В 1969 году он встретил другого студента, молодого поэта по имени Андрей Сумнин, который взял псевдоним Андрей Монастырский. В свою очередь, Монастырский познакомился с Ирой Наховой, красивой девушкой с длинными светлыми волосами, которая училась живописи и на которой он вскоре женился, тогда ему было двадцать два, а ей – шестнадцать. Они сохраняли дружбу с Алексеевым, а позже подружились с художником Андреем Демыкиным и поэтом Львом Рубинштейном. Хотя никто из них не знал почти ничего о концептуализме, они работали, продвигаясь в сторону менее сложной версии кабаковской картины мира.
Так нарождалось второе поколение. «Мы были молоды, у нас не было денег. Это был маленький круг. Каждый журнал с Запада, каждая новая вещь, которую мы узнавали, были большой ценностью. Это было время установления контактов и обучения, – рассказывал Алексеев. – Меня интересовали Дюшан и Магритт и еще какие-то странные художники, которых я сейчас не помню. Я был очарован Айваном Олбрайтом, потому что американский журнал опубликовал о нем статью, и я ее случайно прочитал. Я понятия не имел о контексте, у меня не было никакого представления о том, что на Западе важно, а что неважно. А мы все в значительной степени ориентировались на Запад».
В то время советское правительство ежегодно издавало книги, в которых критиковался абстракционизм, сюрреализм, модернизм или еще какие-нибудь модные «измы», и становившиеся основными источниками познаний о том, что они ниспровергали.
В них неугодные работы описывались в мельчайших деталях, при этом критические выпады сопровождались черно-белыми иллюстрациями, расплывчатыми, но все же различимыми.
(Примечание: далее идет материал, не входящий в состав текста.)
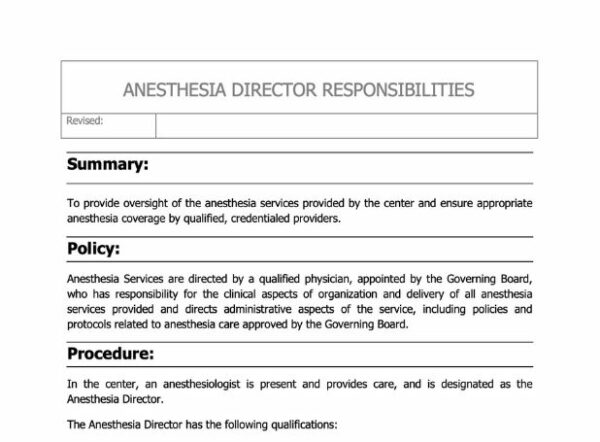 Anesthesia Director Policy image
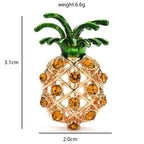 Rhinestone Pineapple with Enamel Leaves Brooch dimensions and weight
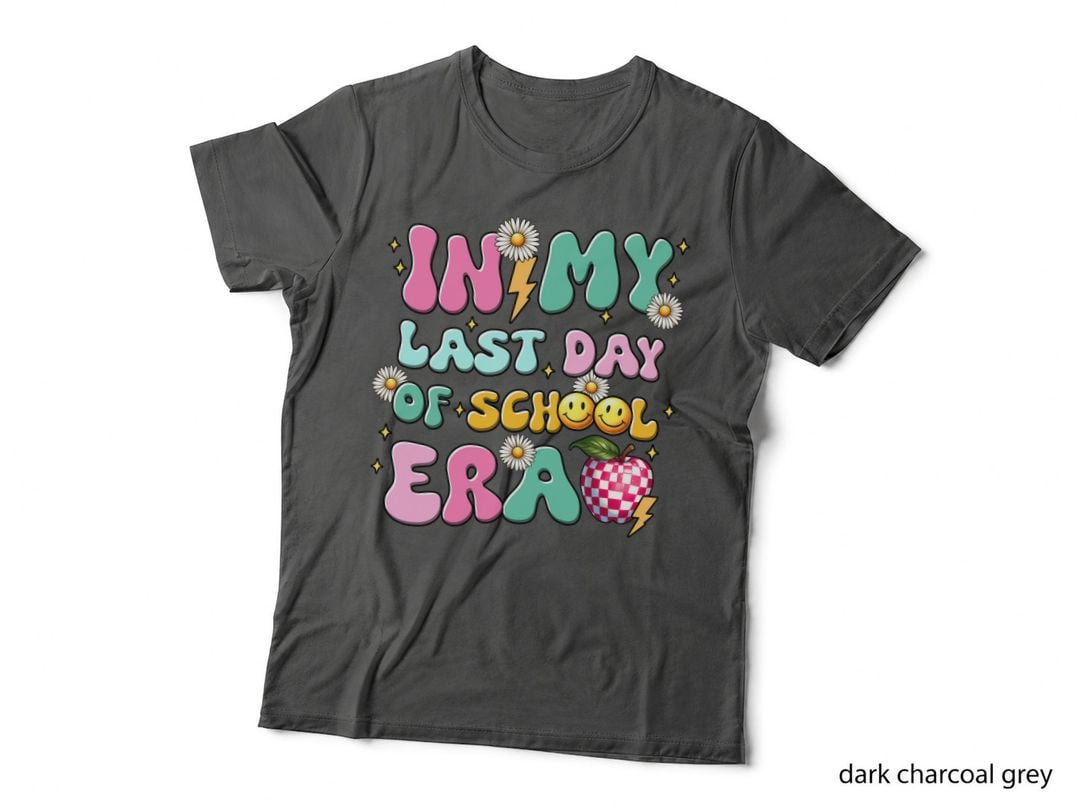 In My Last Day of School Era T-Shirt, Colorful Retro School Theme Graphic Tee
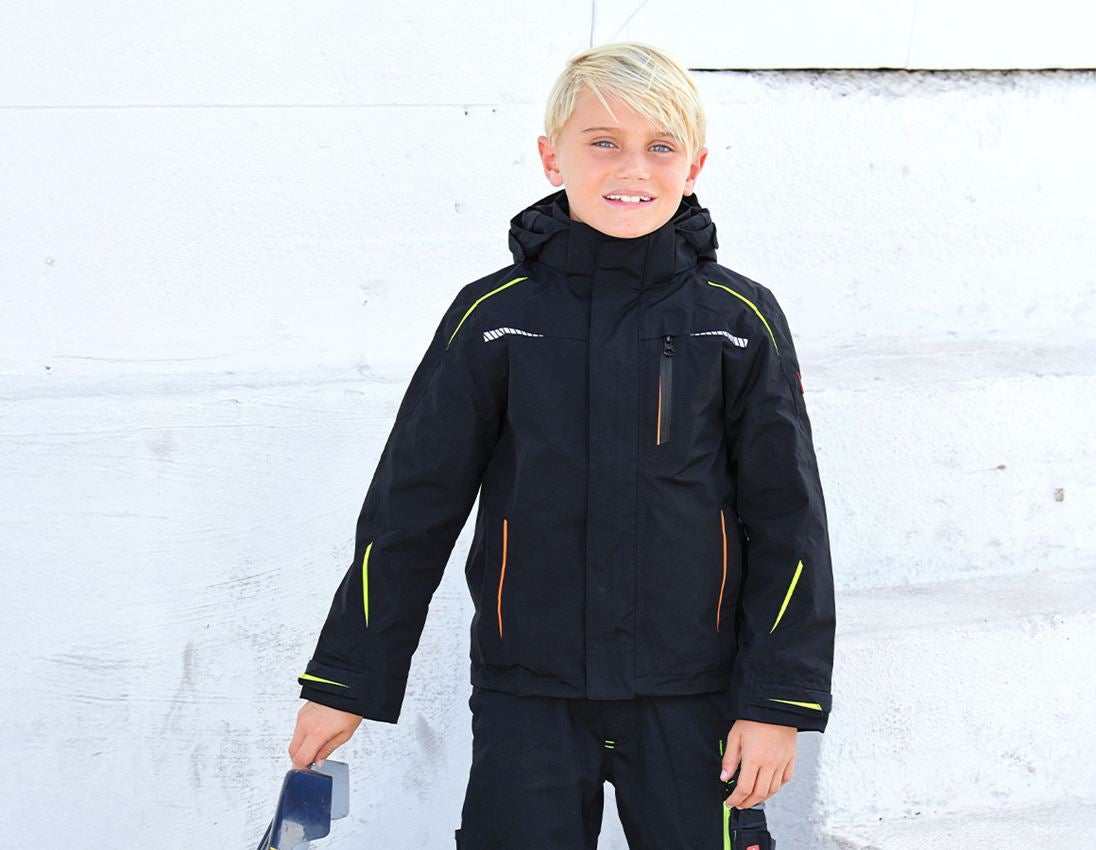 Jackor: 3 i 1 funktionsjacka e.s.motion 2020, barn + svart/varselgul/varselorange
Самым любимым изданием был «Модернизм», книга в белой обложке, где абстрактное искусство называли бредом. Знания, добытые по крупицам, дополнял случайный набор иллюстративных материалов, дошедших с Запада. Например, однажды кто-то увидел в букинистическом магазине большой альбом Пауля Клее. Никто не знал, как эта книга попала в СССР, возможно, какой-то турист забыл ее в гостиничном номере. Конечно, в то время Клее в СССР был запрещен, но заведующий магазином либо этого не знал, либо предпочел не заметить. Книга была слишком дорогая, чтобы кто-нибудь из художников мог ее купить, но они один за другим ходили в магазин, чтобы ее посмотреть. Примерно вот таким образом информация просачивалась в ряды советского художественного андеграунда.
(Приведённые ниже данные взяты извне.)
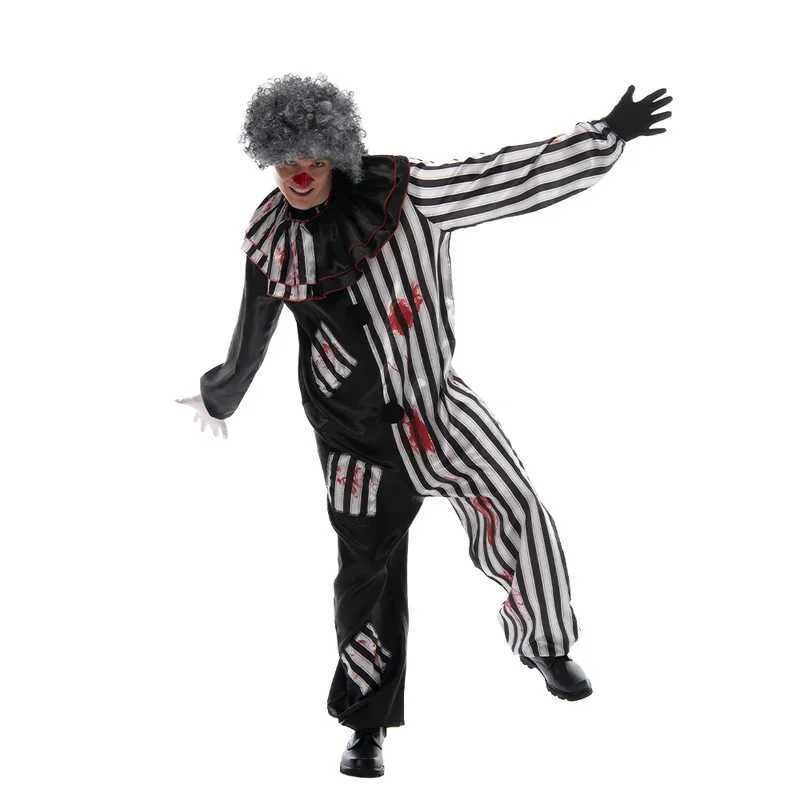 2025ay Halloween Costume Vintage Mens Bloody Killer Clown Carnival Easter Purim Fancy Dress L250918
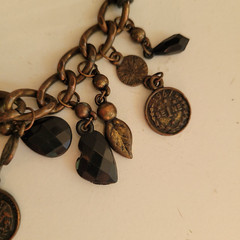 Vintage Necklace Charms Coins Jewels Metal Cording Chain 16″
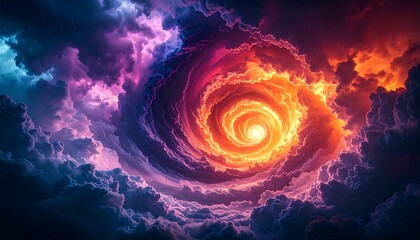 Wall Mural - epic celestial vortex of swirling storm clouds, a dramatic abstract background with glowing orange l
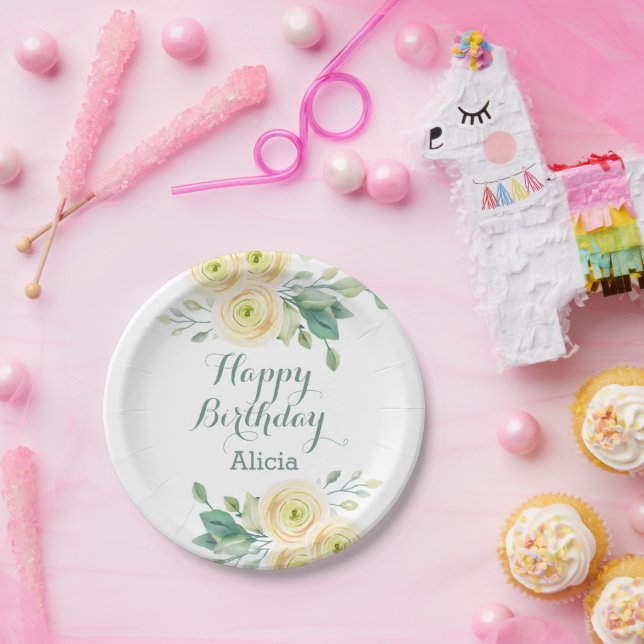 Prato De Papel Azeitona Branca Elegante Flora Greenery Aniversári (Festa)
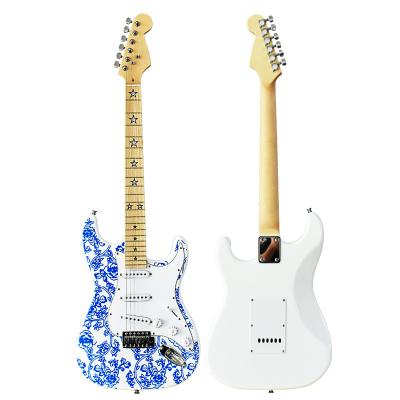 China GM011 Music Quality Guarantee Manufacturers White Decals Platane Wood Electric Guitar for sale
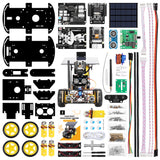 Tscinbuny ZYC0108 Smart Robot Car Kit with ESP32-CAM & Solar Panels – Ultrasonic Obstacle Avoidance STEM Educational Robotics Project for Arduino Learning
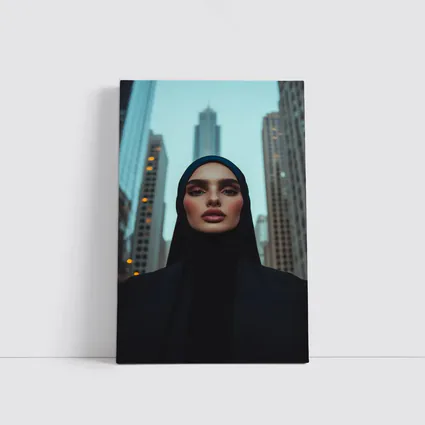 Woman in Hijab City Skyline Portrait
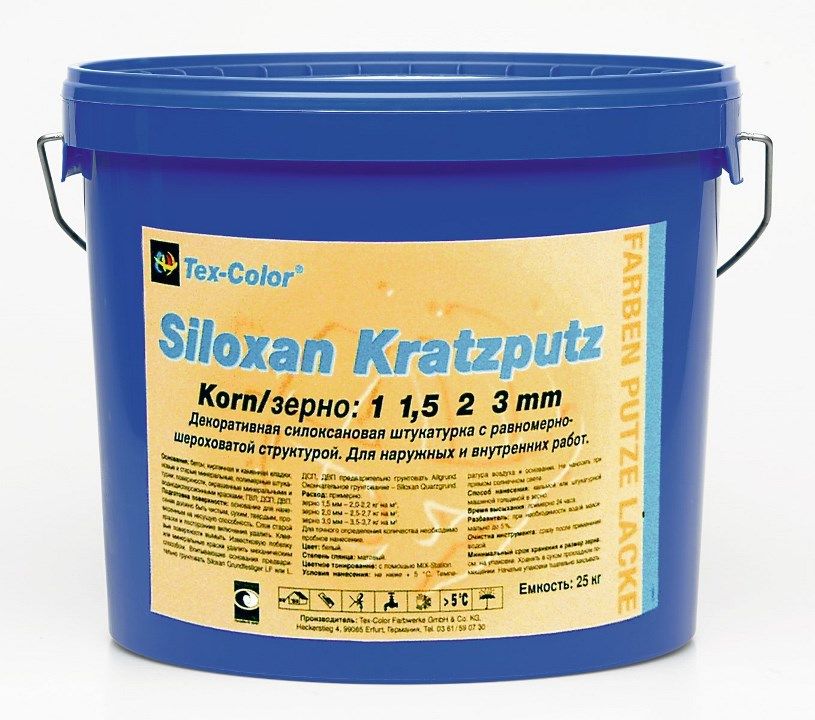 ТексКолор, штукатурка силоксановая "шуба" Siloxan Kratzputz(1,5мм), 25кг.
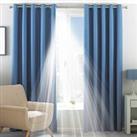 Riva Home Twilight Blackout Ring top Eyelet Curtains (Pair) Polyester Denim 229x137cm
Молодежь естественным образом стала общаться со старшим поколением. Когда в 1968 году Ира Нахова поступила в Московский полиграфический институт, друзья родителей решили познакомить ее, в качестве некоего поощрения, с «настоящим» художником. Это был Виктор Пивоваров. «Мне очень понравились его работы и он сам, и с самой первой секунды я поняла, что для меня начинается новая жизнь, что это совершенно новый мир. Может быть, я что-то и слышала о неофициальном искусстве, но я никогда не встречала прежде таких людей», – вспоминала Ира. Пивоваров из вежливости пригласил девушку заходить еще, и через несколько дней она пришла, а потом еще и еще. «И так наше знакомство как-то укрепилось – из-за моей бестактности, – вспоминала она. – Я даже оставалась у них ночевать, я подружилась с его женой, она была поэтом, и играла на сцене, и вообще была очень талантлива. Для меня их брак был неким прототипом идеального супружества, они казались мне абсолютно счастливой парой, во всех отношениях – в работе, в образе жизни, в самом складе личности».